(Almost) all leaders need a coach

(Almost) all leaders need a coach

I have enjoyed significant personal transformation over the past two years.  I am often asked how I have changed, but that’s just it, I haven’t.  I did stop being things that I am not.  About a year ago I found myself sitting in front of 50 coaches.  I had volunteered to be coached and wanted to discuss being comfortable showing up as the ‘real you’ in all situations, after several years of playing other roles and characters.  

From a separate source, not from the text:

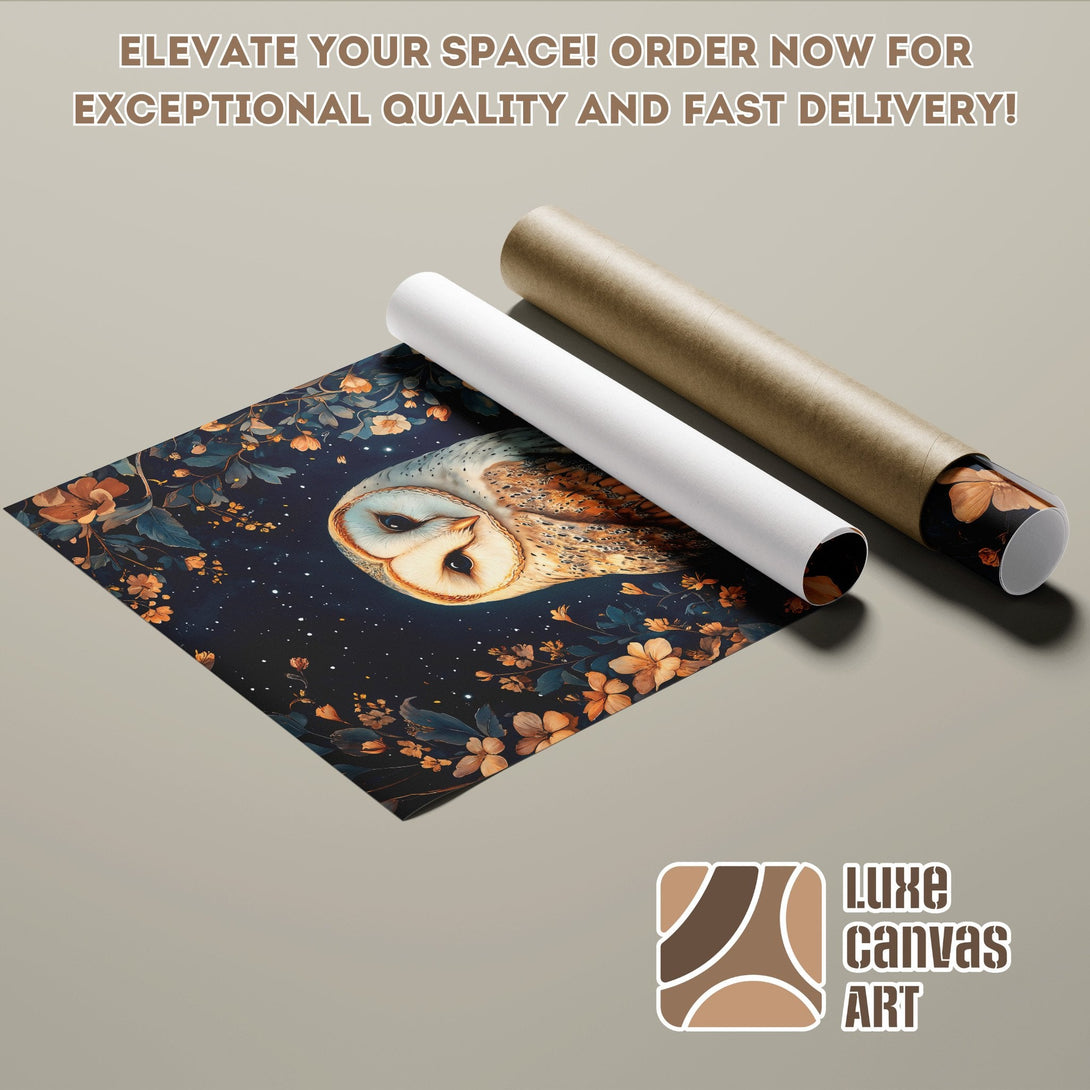 Poster Roll featuring a beautiful owl in a floral, dark blue and gold palette. Elevate your space with Luxe Canvas Art!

My coach asked me about the changes I had experienced.  I explained that when you have a robust daily practice and focus on intense personal development work you uncover leadership powers you didn’t know you had.  She interrupted me.  She asked why I spoke about this development work using the third person.  Hmm, not sure.  She asked me to explain it again using personal pronouns.  I couldn’t.  It was as if she asked me to tell the story in Mandarin.  From that moment, I truly appreciated the power of coaching.

Who needs a coach?

In short, I think all leaders do.  Leaders who work with executive coaches note improved self-confidence, improved work/life balance and the benefit of an unbiased perspective.  These experiences line up with my client feedback.  People usually find tremendous benefit in simply having a safe, dedicated space to explore topics on a deeper level.  The coach supports that exploration with subtle prompts and powerful questions.  If I replaced the word ‘coach’, I’d ask you “who needs a capable, compassionate human being who listens intently, provokes thought and is 100% focused on helping them create deeper awareness and make clearer decisions?”  Who doesn’t?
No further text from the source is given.